Secondo Julia basterebbe convivere con la propria mortalità, per riuscire a incontrare la vulnerabilità altrui. Lei scommette (con rabbia) sulle politiche pubbliche e su un umanesimo da reinventare, lui ha una fede assoluta nelle persone handicappate, lei cerca una filosofia in grado di integrare la vulnerabilità endogena, lui vi fa risplendere sopra la propria “professione di gioia”. Ma nessuno dei due è chiuso nelle proprie certezze, ed entrambi sperano in una rivoluzione che cancelli “la più temibile delle esclusioni”, quella dei deboli. Il figlio di Julia, gli ospiti dell'Arca, quelli che nasceranno e che forse, anzi, non nasceranno più. Scrive Julia Kristeva, senza una briciola di sorriso estatico: “Tra dieci anni l'utero artificiale produrrà ‘bambini perfetti' e non si vedrà perché tutti i ‘falliti' per nascita o incidente dovrebbero aver diritto all'assistenza sociale: ha davvero senso investire tempo e danaro nella cura dell'irreparabile?”. Julia si occupa di vicende concrete, pensa alla vita quotidiana, vuole cambiare lo sguardo dei non disabili verso le persone con handicap, scoppia di vita ma non si sottrae alla mortalità. “Chi non ha fatto almeno un incontro con la mortalità?
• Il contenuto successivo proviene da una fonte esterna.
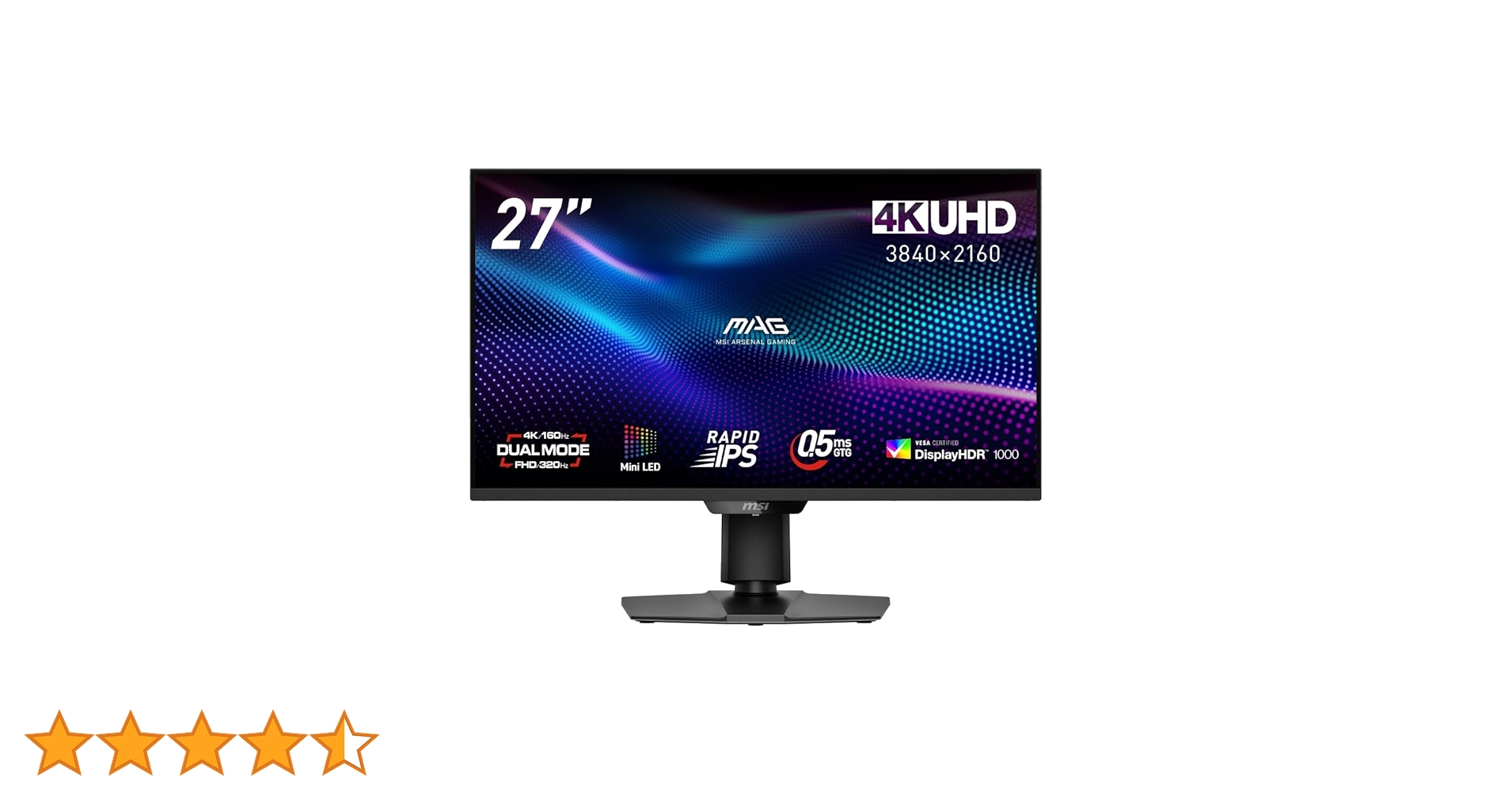 MSI MAG 274UPDF E16M 27インチ 4K モニター msi-mag274updf-e16m-feature-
Preferiamo dimenticarli, la cultura moderna del glamour e della performance ci spinge a metabolizzarli, addomesticarli, integrarli”. Lei oppone al pathos di Jean Vanier, alla sua vita dedicata alla condivisione con gli handicappati, la serenità “che forse è la faccia umile di quel che tu chiami piacere”. Entrambi guardano in faccia “l'intollerabile” e anzi ci vivono insieme, con la delicatezza di una madre e con la devozione di un fedele. Julia però ha paura, teme “l'ombra del nulla, la cui seduzione aumenta in tempi di rigore, austerità e disoccupazione galoppante”. Teme la barbarie nei confronti dei deboli. Jean Vanier è invece pieno di speranza e ringrazia Julia: “Tu hai fatto nascere in me un nuovo soffio di vita”.